As she walked into the dining room of the castle, she saw Gerod already sitting at the table’s head. He was a mess of a man - his head a collection of scabs and dry skin, his eyes smaller than the bags beneath them and his lips chapped, despite the humid air of the capital. His sour face had frown lines that were deeper than the cracks that surrounded the barren land around the capital.

“Hello, Clarice,” spoke the king in an awkward tone, trying to avoid eye contact. He felt guilty, she could see clearly on his face, but she had no intention of lessening his guilt. He had ruined her life, as far as she was concerned, and though she was coming to like him, this was unforgivable for her.

“Good Morning. Gerod, can I go to the city to get more books? Your library is barren,” Clarice asked the king.

“In time, for now just read what we have here.”

“I have, everything except the second half of the financial receipts from thirty years ago. I need more,”

The king looked surprised, his cracked lips spreading in a brief moment of awe, as he lifted a small chalice to his lips and acted as though he was drinking. Clarice, however, having looked in the cup knew this was some sort of ploy - a way of belittling her, or trying to seem as though her own issues of boredom were secondary to his desire for hydration.

“I need more - I need fiction, and stories to fill my mind. You would sooner have me sit alone, filing through the thoughts in my mind and reliving the past week of a broken girl?”

“I shall speak with the Dawn’s. They document the history,” Gerod said. “I was planning to rebuild bridges with them anyway.”

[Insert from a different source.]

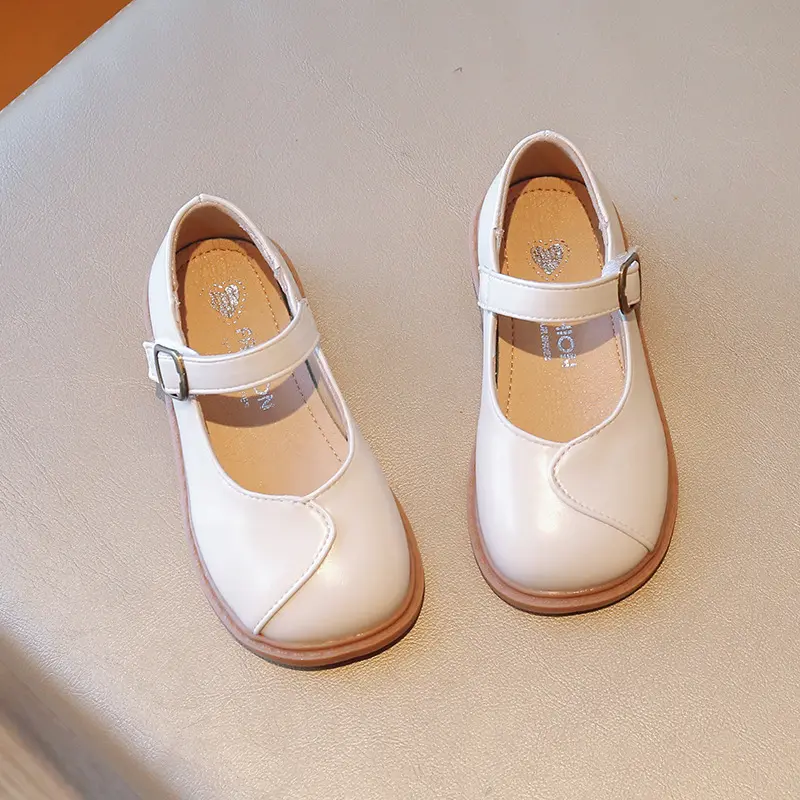 Princess Girls Spring Autumn Shoes Concise Style All-match Child Mary Janes 22-31 Black Beige Fashion School Kids Leather Shoes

“I have no desire to read more history - I’ve read all the interesting times, and I have little interest in reading bureaucratic doctrine and laws formed between small lords and dead kings.” Clarice explained to him. “Surely there is a store in your city that can fill my need for escape.”

“You need not tell me about your need for escape, trust that I feel far guiltier about what I’ve done to you than I have for any other mistake I’ve made,” Gerod said with a sincere tone. “You can get books in a short time from now on your own. In two days’ time, perhaps. Until then, you will need to make do with what you have here.”

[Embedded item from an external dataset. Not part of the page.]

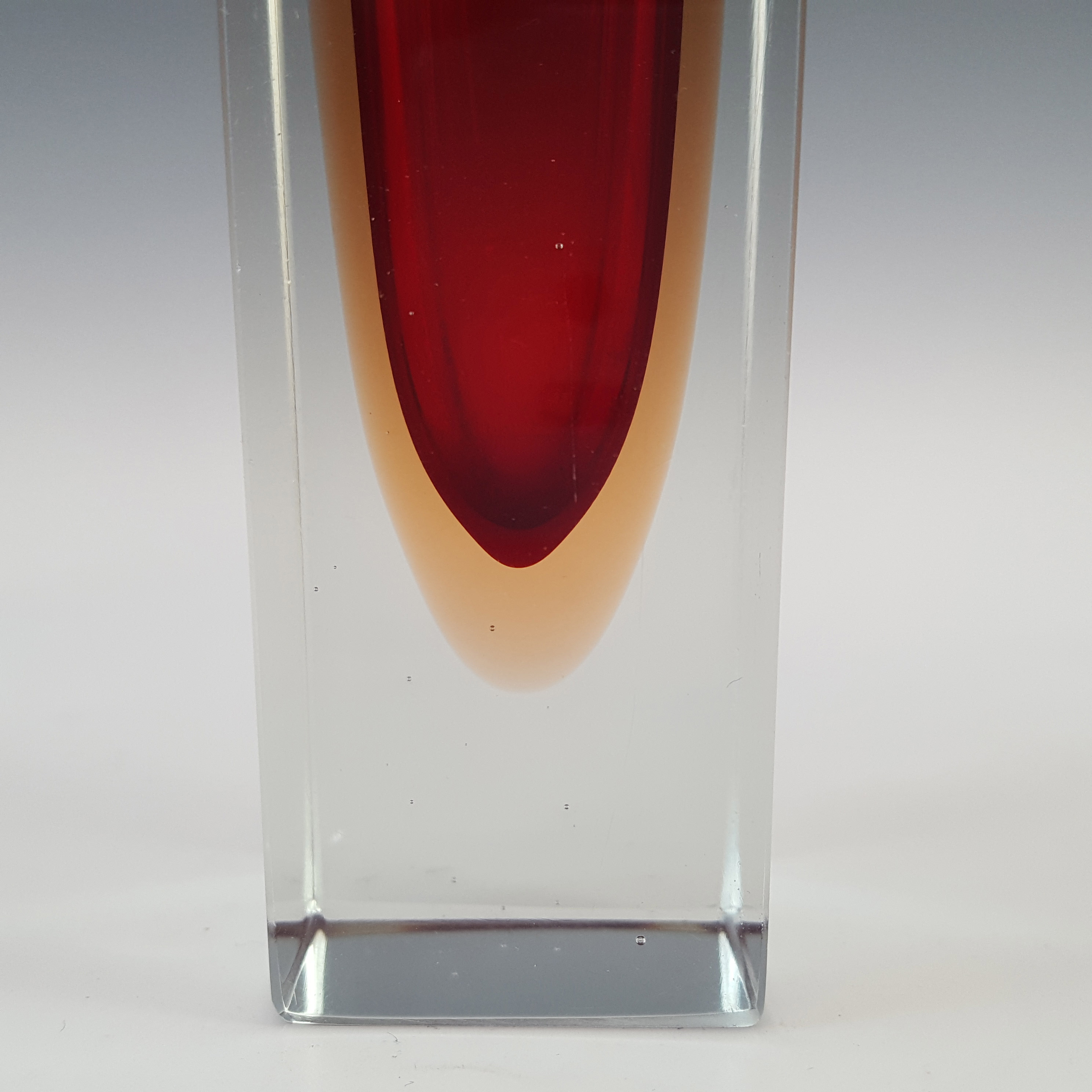 Murano Faceted Red & Pink Sommerso Glass Block Vase - Click Image to Close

She asked about the book she’d read the night before. “Gerod, do you know any writers or readers with the initials ‘PD’”?

“No, but if he was filling up the margins of a book, it’s safe to say the ‘D’ stands for Dawn - that family has been around longer than the city, and have documented the history of our continent longer than that.”

She accepted Gerod’s words and began to eat the eggs that she hadn’t noticed being placed before her by Stephen, the cook. The eggs were a scrambled mess, but the thin cuts of salmon that lay beside them thrilled her - she’d never had her favourite fish with breakfast, but she was anxious to see how it worked.

Gerod left the room as she began to eat, and by the time she was finishing, he burst back in with a small stack of books perched beneath his bony arm.

“These should hold you over, I hope. Some legends I read as a boy - I had them tucked away beneath some clothes in my wardrobe. Be careful with them, these are the copies my teacher gave me when I was young, and it would wound me greatly to see them harmed.

Clarice smiled for the first time since she’d lost her magic. She quickly finished her salmon and ran out of the room, leaving the eggs behind, with the books held close to her chest. She flew into her room, grabbing a few new candles before, and planned not to leave it for the next two days, when she would be sent off into the city.